Typical of this type of case is Tool Company v. Norris, supra. The plaintiff, in that case, sued on a contract whereby he would procure a government order and in which the defendant promised to pay him 'for his services, in obtaining, or causing and procuring to be obtained, such order, all that the Government might, by the terms of their arrangement with the company, agree to above $ 17 for each musket.' Holding such an agreement violated public policy, the Supreme Court stated: 'Other agreements of an analogous character might be mentioned, which the courts, for the same or similar reasons, refuse to uphold. It is unnecessary to state them particularly; it is sufficient to observe, generally that all agreements for pecuniary considerations to control the business operations of the Government, the regular administration of justice, the appointments to public offices, or the ordinary course of legislation, are void as against public policy, without reference to the question, whether improper means are contemplated or used in their execution. The law looks to the general tendency of such agreements; and it closes the door to temptation, by refusing them recognition in any of the courts of the country.' 69 U.S. at pages 55, 56.

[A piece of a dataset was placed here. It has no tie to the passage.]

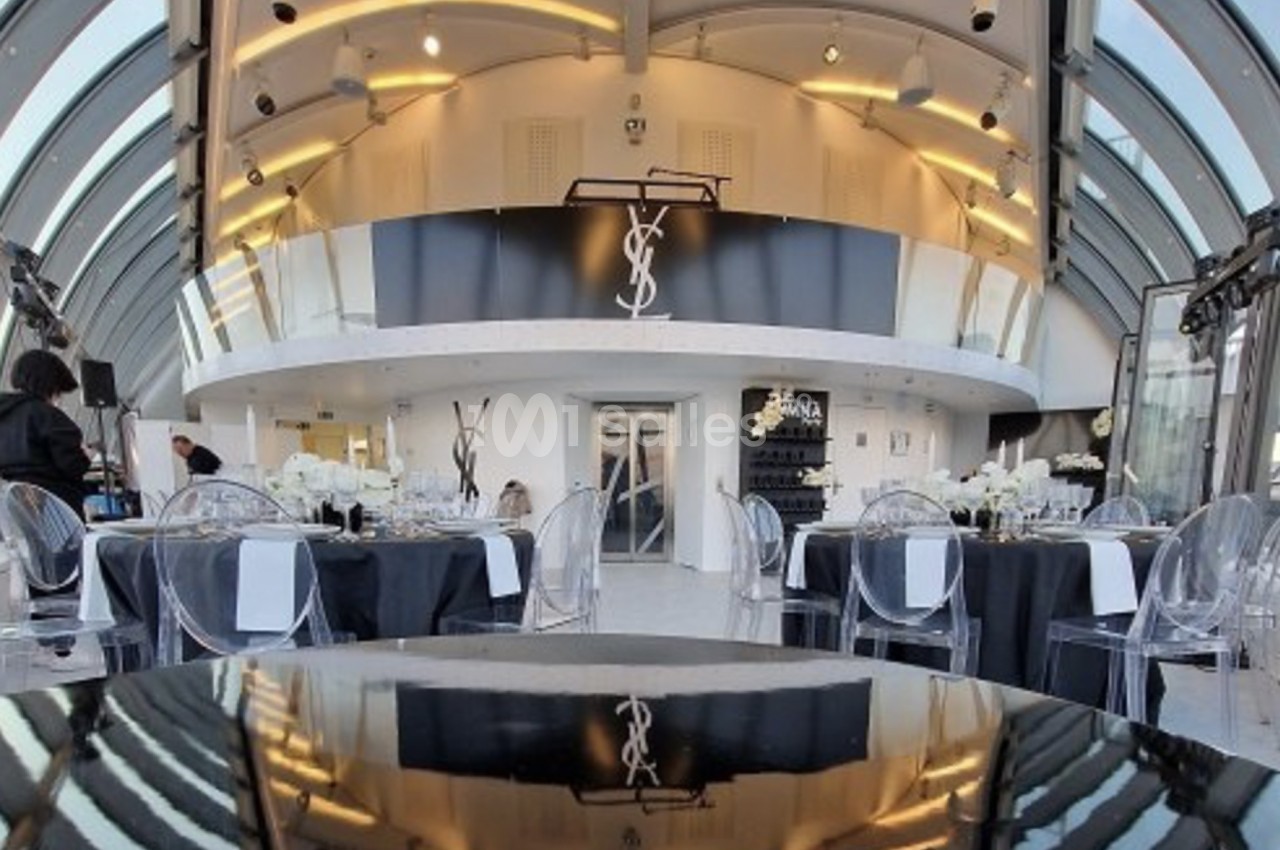 Salle élégante avec tables dressées, chaises transparentes et décoration moderne, dominée par un logo ’YSL’ en hauteur.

The second category of cases concerns contracts the purpose of which was the performance of an illegal act or where the consideration in whole or in part was illegal, Auditorium Kennel Club v. Atlantic City, 199 A. 908, 16 N.J.Misc. 354 (Sup. Ct. 1938) (a lease contemplating use of premises for dog racing, an illegal activity under New Jersey law). The third category of cases advanced by the defendant involves agreements for collusive bidding on government contracts, Brooks v. Cooper, 50 N.J.Eq. 761, 26 A. 978, 21 L.R.A. 617 (N. & A. 1893); Gulick v. Ward, 10 N.J.L. 87 (Sup. Ct. 1828). The latter case involved a contract which provided that the plaintiff would forbear from submitting an offer to the government to carry mail over a certain route provided that if the defendant received the government mail contract he would pay the plaintiff $ 1,000. The court held this contract to be void as against public policy as its arrangement reducing the number of competitors tendering bids for a government contract would defeat the clear purpose of the statute requiring that contracts be given to the lowest bidder.